07 February 2014
A BBC survey of local authorities in England has shown that councils are paying home care providers less than it costs to meet minimum legal requirements.
Trevor Brocklebank of at-home care company, Home Instead, says that they will not enter into volume contracts with local authorities as he believes they drive down the quality of care. What’s more, he believes that the authority’s rates of pay are jeopardising the health, safety and dignity of elderly people across the country.
Commenting on the BBC’s findings, Trevor says, “I am not at all surprised by the BBC’s findings. What they have shown is that the rates being paid to care providers are unsustainable and do not allow for a quality care service to be delivered. The race to the bottom has got to stop.

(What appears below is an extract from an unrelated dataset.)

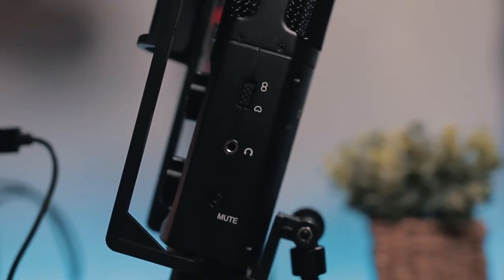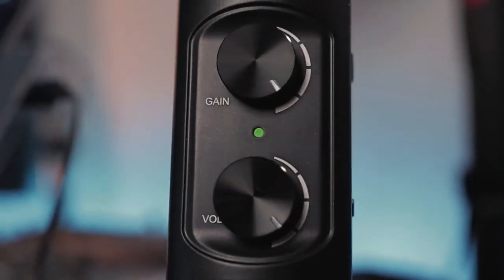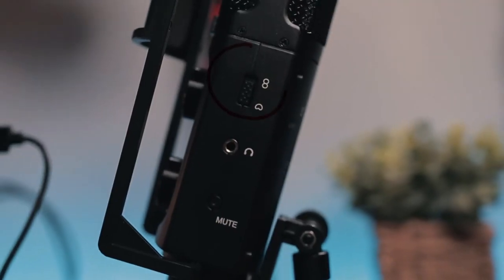On the side of the microphone there's also a 3.5mm jack so you can use headphones for zero-latency monitoring. The volume knob on the front is for your monitoring — it only controls your headphones, not anything else within the microphone. It also has a mute button. I'm not too crazy about this mute button; it makes a lot of noise when you hit it and people are going to know you're muting. There's also a switch to change the polar patterns, so this microphone can be used by two people — just plunk it in the middle of a table and use it interview style.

“It is these poor rates of pay which results in providers cramming as many calls as they can into each hour – with no provision for travel time.
“The result is carers being put under pressure to visit up to four clients per hour with no allowance made for travelling from one to the next. It’s the only way providers on low hourly rates can make it pay – it turns the whole process into a numbers game, how many people can we provide ‘care’ for in each hour? We’ve all heard and seen the results of this – carers arriving late and unable to properly care for their clients.”

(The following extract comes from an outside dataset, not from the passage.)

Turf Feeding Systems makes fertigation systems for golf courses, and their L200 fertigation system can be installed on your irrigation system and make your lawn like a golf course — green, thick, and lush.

Trevor believes that the solution lies not only with more funding being made available for social care, but a plan of integration between health and social care. He says, “We need better integration between health and social care and we need to move more money in to social care. By keeping people safe and well in their own homes with a quality care service we can help to prevent them entering the more costly health system.
“There is no doubt in my mind that by providing quality social care we can keep more elderly people at home living a healthy and independent life and this has got to be a more cost effective option.”
In closing, Trevor said, “Whilst it is easy to blame local authorities for driving down the cost of care, I believe that it is also incumbent on care providers to refuse the poor hourly rates on offer and to simply say ‘no’.”